Saturday, January 29, 2011

Quarrelsome talk of slaughtering animals

If five years olds accept meat eating you can’t blame them, if a fifteen year old still accepts it you might start to worry, and if a 25 year old is still doing it … well, perhaps there’s still a chance for them to change. They might have recently become independent of their parents’ dinner table and have started to shop for food ... experimenting ... mind you, by 25 you’d have to wonder why meat eating wasn’t yet being questioned. Older carnivores are probably beyond the pail. Things have gone too far. They’re too far gone, with too many worldly pressures and commitments bearing down on them. A radical food change late in life is unlikely.
We may have little chance to persuade them because, to them, veganism is probably nonsense. If a drunk was throwing up on the footpath that's preferable to a vegan bringing up this subject in conversation. Anyone (who has a fridge full of animal foods) would find this subject disturbing. Two minutes into an ‘exposure to veganism’ they’d be so disturbed that, in their mind, they’d be rushing to their fridge for a pick-me-up (the fridge being our little kitchen drug store, full of remedies for soothing the troubled mind).
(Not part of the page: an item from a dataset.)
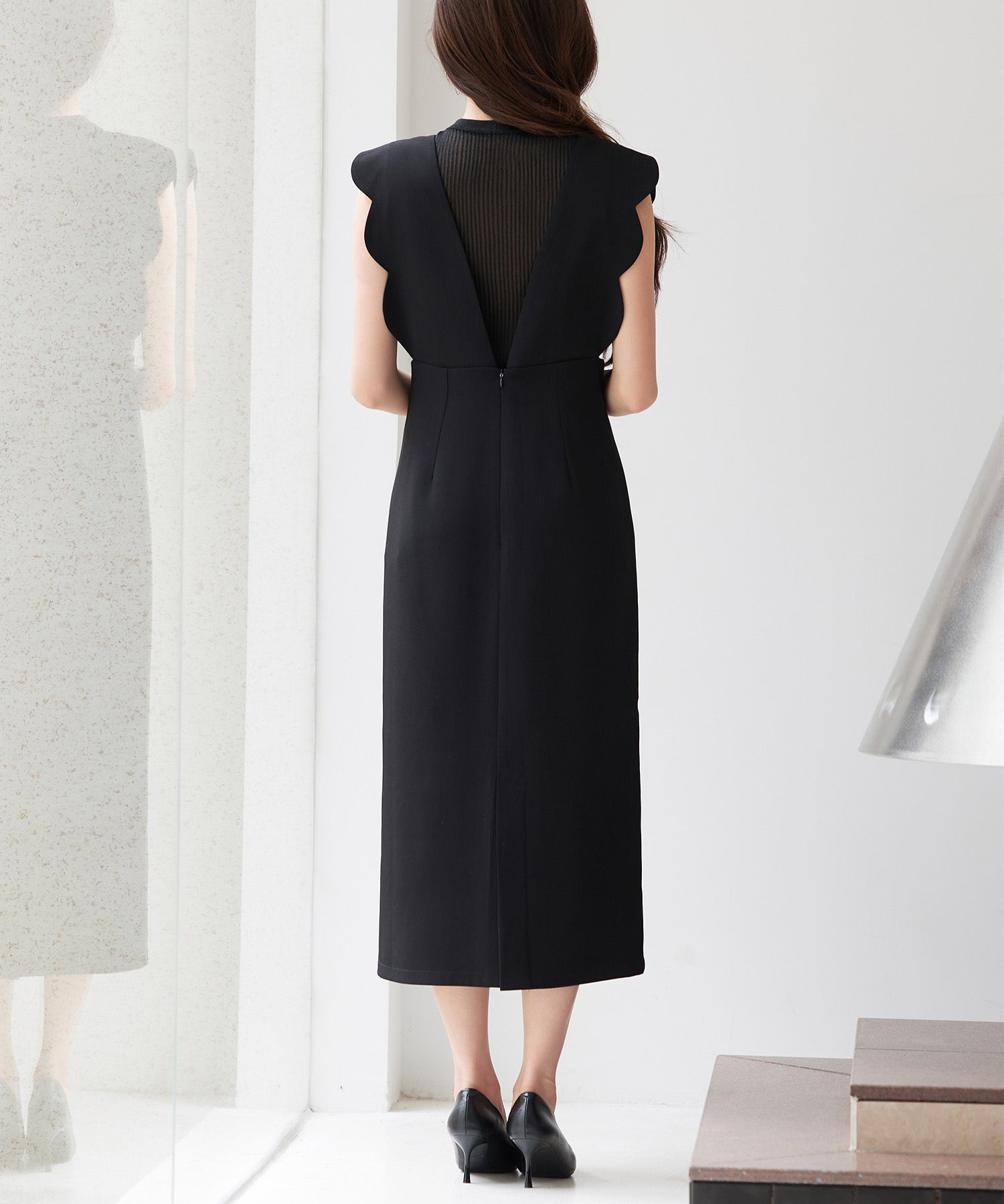 パール付きスカラップジャンパースカートsdp0306 ブラック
They’ve settled this matter in their own heads. They won’t voluntarily enter into conversation about it. They’ll steer away from all animal talk (or usually try to divert it to ‘pet-talk’) ... anything to stop themselves being lured into the trap of ‘talking to a vegan’.
They may like us, love us, enjoy talking with us … but not about this. Not about killing animals for food. To them this is rather like ‘the last taboo’. And if it is, then they’ll have one rule - no talking ‘animal’ with the proselytisers.

As vegans, if we attempt to barge through this barrier we can alter the basis of a whole relationship. It’s as if we were making a physical attack on them, enough to be in the ‘over the top’ category. They’ll talk about anything, reveal everything to us, trust us with any subject you care to bring up just to see where it’s going … but (with a vegan) rule supremo: there must be no mention of personal eating habits, especially if there’s a danger of discussing diets-based-on-ethics.
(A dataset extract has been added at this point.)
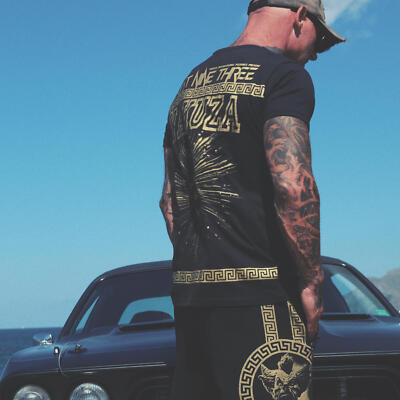 Neues Yakuza Herren VIP Aztecs T-Shirt - Schwarz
The hidden fear, the elephant in the room, is the great body-trampling logic of compassion. Destructively, vegans can intimidate people with it. But some vegans, who aren’t keen to go around attacking people, sometimes choose to say little.
“What? Keep silent?”.
But understatement and even non-statement can be more powerful than any amount of words.

In one way I’m advocating silence, because we are certainly the holders of 'truth-force', but it’s not ours to be profligate with. We mustn’t offend our friends when we know how easily it can be done. In one way we must wait till the world has become more enlightened.
“Wait?”
Even though time seems to be running out, what is it that’s so urgent?
“What?”
Every day the world eats meat and there are billions more deaths, billions more animals being purpose-bred to suffer. The accumulation of insult and damage that humans have inflicted on the animal populations is centred evidentially in the hell holes they call ‘farms’. And it’s all getting worse as intensification is forced on farmers by ruthless competition.
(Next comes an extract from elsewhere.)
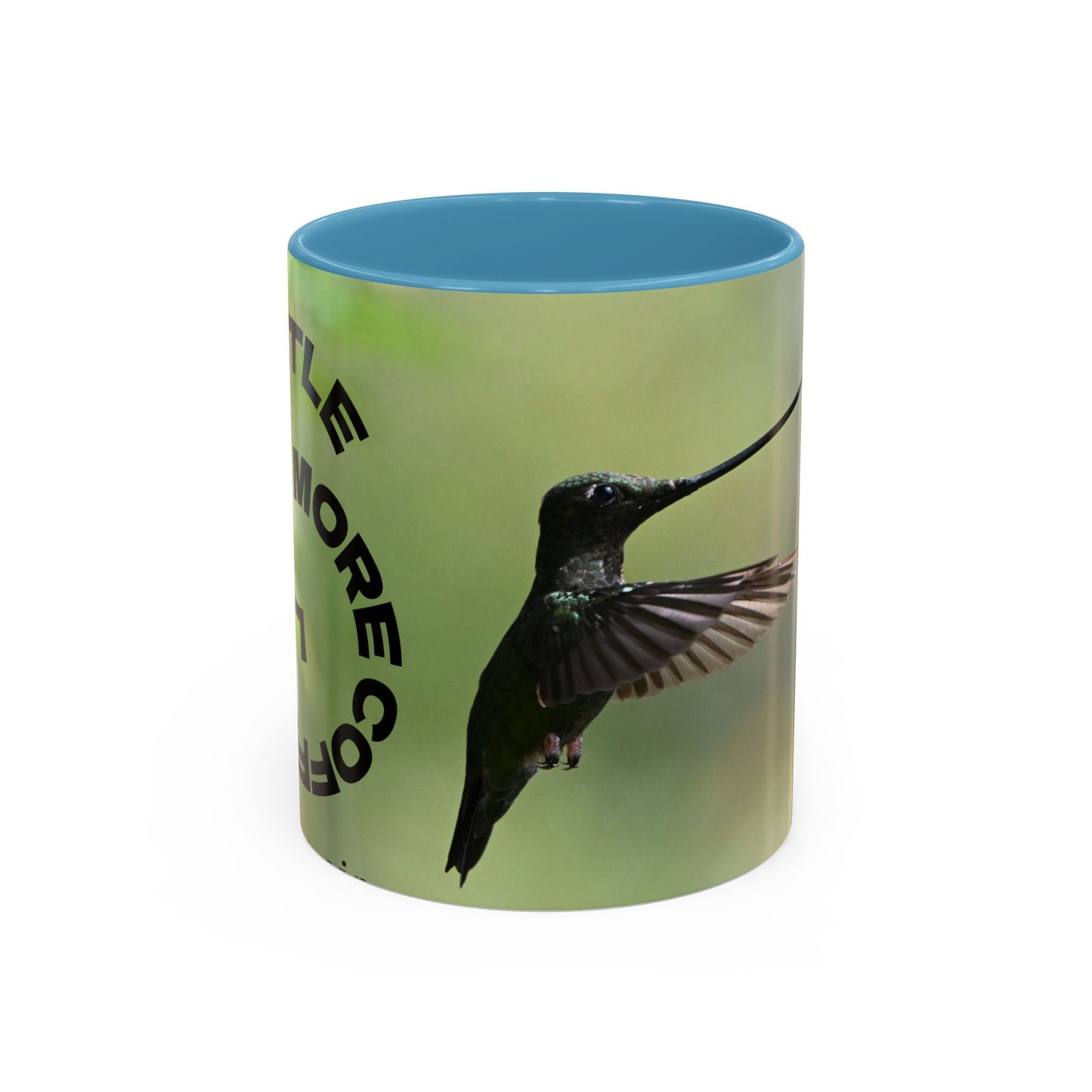Hummingbird Accent Coffee Mug – 11/15oz Ceramic Mug with Black Interior & Handle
There isn’t any other solution here - we can only boycott it and call forth (bring on) more so called ‘cruelty-free’ products onto the market. But to generate the momentum we need to proselytize that idea we must talk ... and talking is the possible problem here, where we most often shoot ourselves in the foot. So, we must hold back sometimes.
It’s a complex mixture of approaches (a little teasing here, ignoring the whole matter there, sometimes a direct comment, sometimes winding up a conversation as it gets too close to ‘talking about animal rights’ - pushing forwards, pulling backwards, showing we are sensitive to present conditions. We will only be taken seriously when we can show as much sensitivity to the omnivore and we expect from them towards the animals. Our main job is to be conscious of the feelings at the time ... all the time ‘being-with’ that other person.

If (right now) we instinctively think it’s not appropriate to discuss this subject, our changing the subject will certainly bring a sigh of relief from our ‘co-conversationist’ friends. But from our own point of view opportunities can be non-opportunities, and we have to terminate discussion because we don't think it should be talked about, well, not in a half hearted or light-hearted or frivolous way.
Each approach has a time of it’s own. A variety of approaches keeps the omnivore guessing, keeps what we say interesting and not be predictable. We can say anything we want to say as long as it is fundamental to having compassion-for-animals. Obviously I'm suggesting we have empathy for people as well as animals. Our own compassionate nature stops us wanting to hurt anybody. But don't we also want to win trust, enough anyway to talk more freely? If we screw up here, at the permission-to-go-through-the-turnstiles end, it will show. What shows is ‘bad vibe’. That looks like judgement. That looks like us squaring up for a quarrel.